3. Los teólogos han hablado, tratando de explicar estos hermosísimos datos, de las misiones invisibles de las Personas divinas y de la inhabitación trinitaria. Las divinas personas se hacen presentes al alma por donación y misión: el Padre, al ser Principio sin principio, no puede ser enviado por nadie y, por tanto, se nos dona a Sí mismo a nosotros; el Hijo, como tiene al Padre por principio, es “enviado” (eso quiere decir “misión”) por el Padre; finalmente el Espíritu Santo, al tener como principios al Padre y al Hijo, es enviado por la primera y la segunda Personas de la Trinidad.

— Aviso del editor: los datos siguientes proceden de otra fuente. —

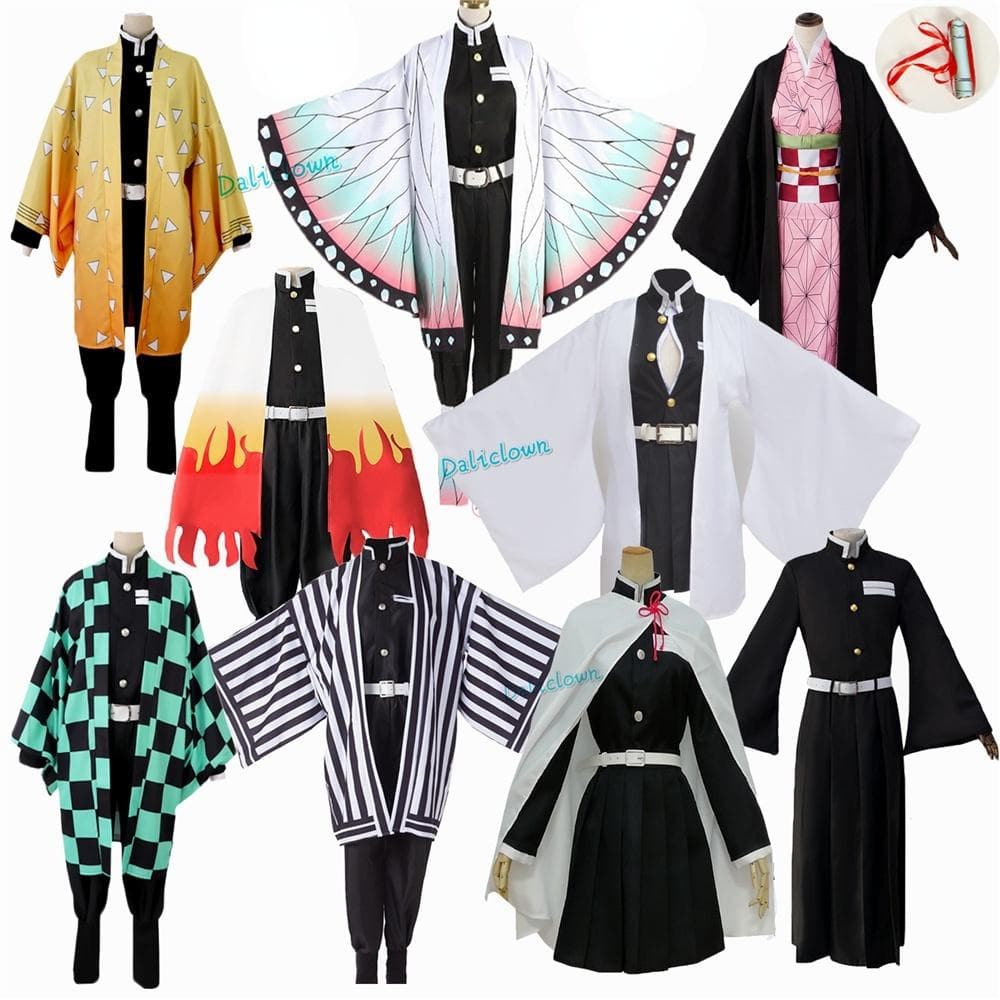 Anime Demon Slayer: Kimetsu No Yaiba Zenitsu Giyu Tanjirou Kamado Nezuko Cosplay Women Kids Men Kimono Uniform Cosplay Costume cm
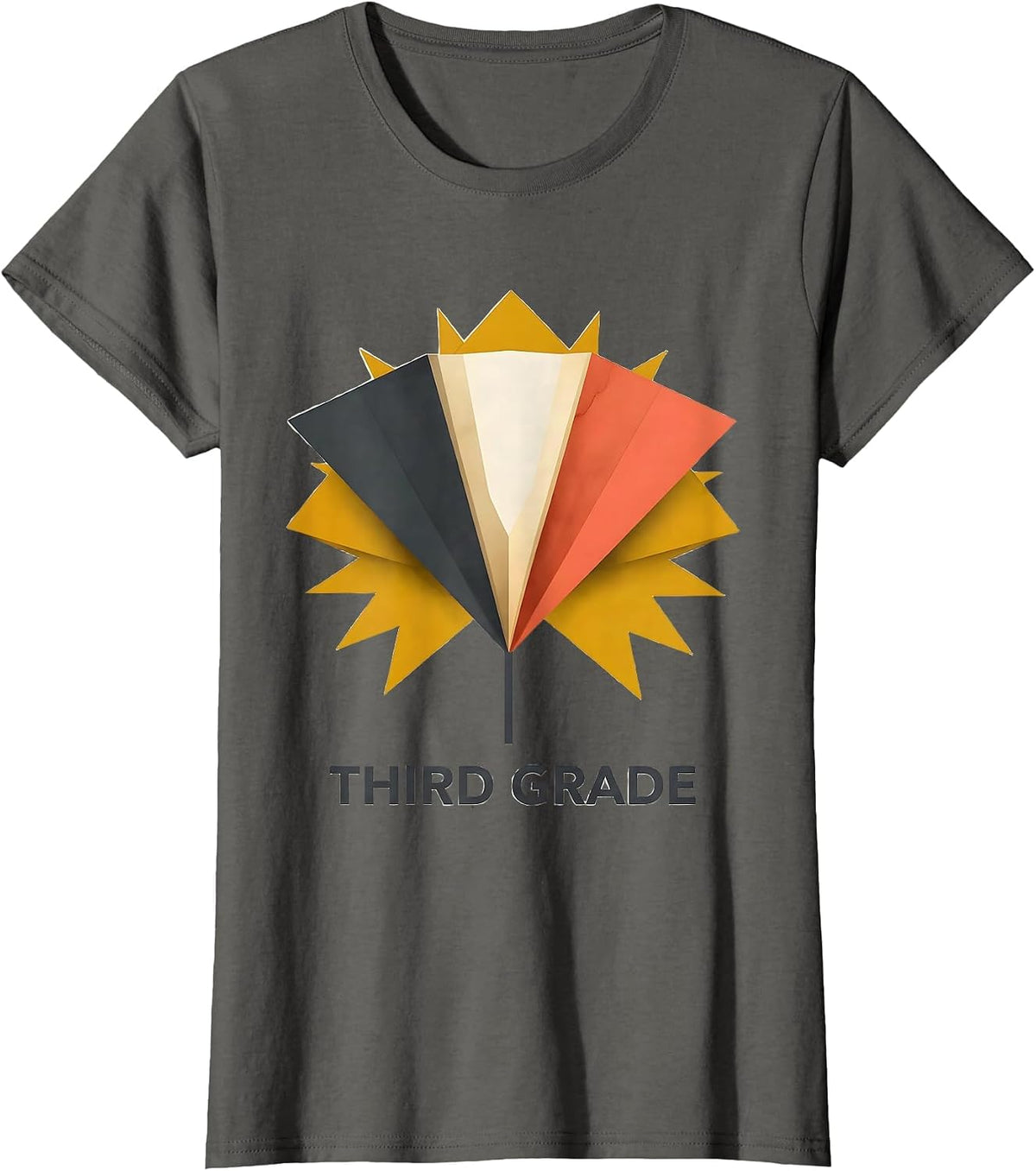 Women's Third Grade Midcentury Modern Pennant Back To School Girls T-Shirt - Asphalt Grey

4. Santo Tomás explica: “Las Personas divinas no pueden ser poseídas por nosotros sino o para gozarlas (fruirlas) de modo perfecto, lo cual se da en el estado de la Gloria del cielo; o para gozarlas de modo imperfecto, lo cual se da en esta vida por la gracia santificante” (I Sent., d.14, q.2, a.2, ad 2). ¡Para que gocemos de su presencia y con su presencia y posesión! Qué impresionante y qué riqueza extraordinaria significa esto. Si cada una de las divinas Personas son nuestras ¡y para gozarlas! ¿cómo no lo será todo lo demás? ¿qué podemos temer? ¿qué nos puede faltar? De modo muy hermoso San Juan de Ávila ponía en boca de Cristo algo semejante: “Yo (soy) vuestro Padre por ser Dios, yo vuestro primogénito hermano por ser hombre. Yo vuestra paga y rescate, ¿qué teméis deudas, si vosotros con la penitencia y la Confesión pedís suelta de ellas? Yo vuestra reconciliación, ¿qué teméis ira? Yo el lazo de vuestra amistad, ¿qué teméis enojo de Dios? Yo vuestro defensor, ¿qué teméis contrarios? Yo vuestro amigo, ¿qué teméis que os falte cuanto yo tengo, si vosotros no os apartáis de Mí? Vuestro mi Cuerpo y mi Sangre, ¿qué teméis hambre? Vuestro mi corazón, ¿qué teméis olvido? Vuestra mi divinidad, ¿qué teméis miserias? Y por accesorio, son vuestros mis ángeles para defenderos; vuestros mis santos para rogar por vosotros; vuestra mi Madre bendita para seros Madre cuidadosa y piadosa; vuestra la tierra para que en ella me sirváis, vuestro el cielo porque a él vendréis; vuestros los demonios y los infiernos, porque los hollaréis como esclavos y cárcel; vuestra la vida porque con ella ganáis la que nunca se acaba; vuestros los buenos placeres porque a Mí los referís; vuestras las penas porque por mi amor y provecho vuestro las sufrís; vuestras las tentaciones, porque son mérito y causa de vuestra eterna corona; vuestra es la muerte porque os será el más cercano tránsito a la vida. Y todo esto tenéis en Mí y por Mí; porque lo gané no para Mí solo, ni lo quiero gozar yo solo; porque cuando tomé compañía en la carne con vosotros, la tomé en haceros participantes en lo que yo trabajase, ayunase, comiese, sudase y llorase y en mis dolores y muertes, si por vosotros no queda. ¡No sois pobres los que tanta riqueza tenéis, si vosotros con vuestra mala vida no la queréis perder a sabiendas!” (Epístola 20).